• _What you have to do_
Leaving out the pictures, output the lines from the one that contains "哥伦比亚25秋冬新款休闲抓绒衣女" through the end of the material, exactly as they stand.
╭─ Source material
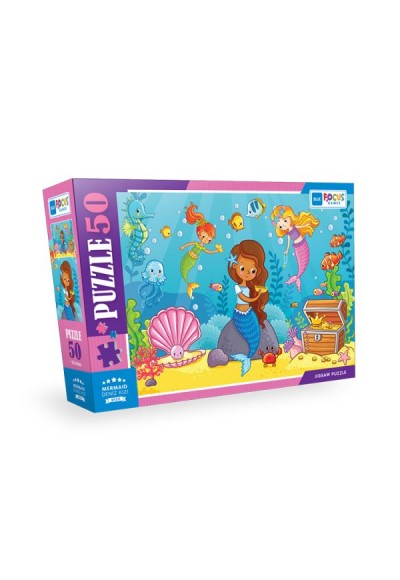 Blue Focus - Mermaid (Deniz Kızı) - Puzzle 50 Parça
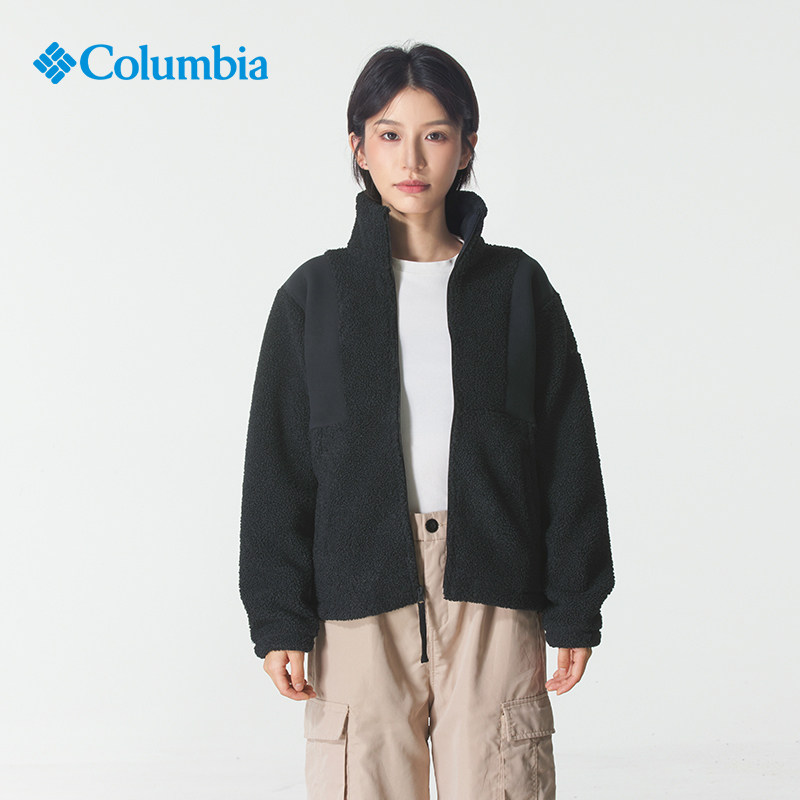 哥伦比亚25秋冬新款休闲抓绒衣女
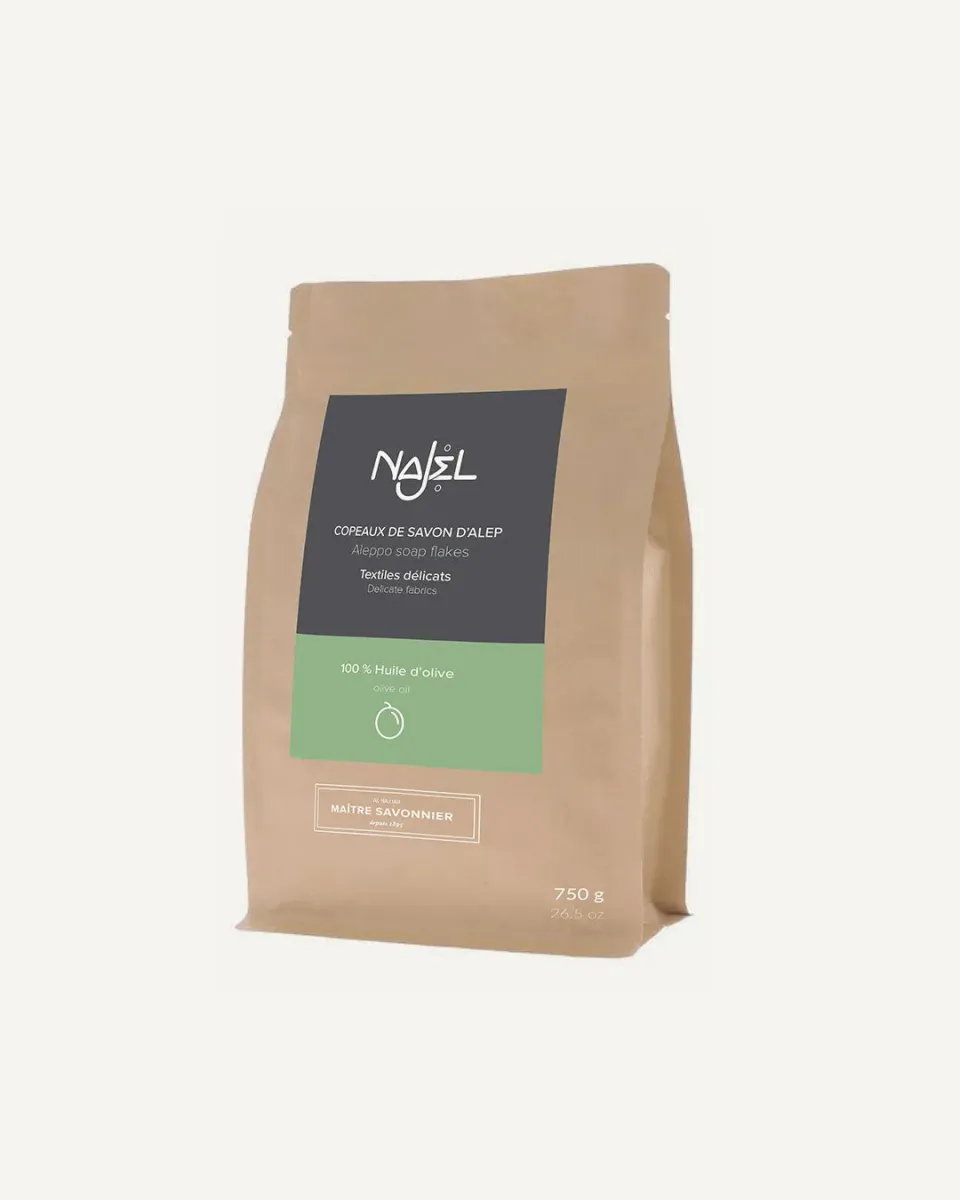 Najel Copeaux savon d'Alep 100% olive sachet 750g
╰─
• _Result for this task_
 哥伦比亚25秋冬新款休闲抓绒衣女
 Najel Copeaux savon d'Alep 100% olive sachet 750g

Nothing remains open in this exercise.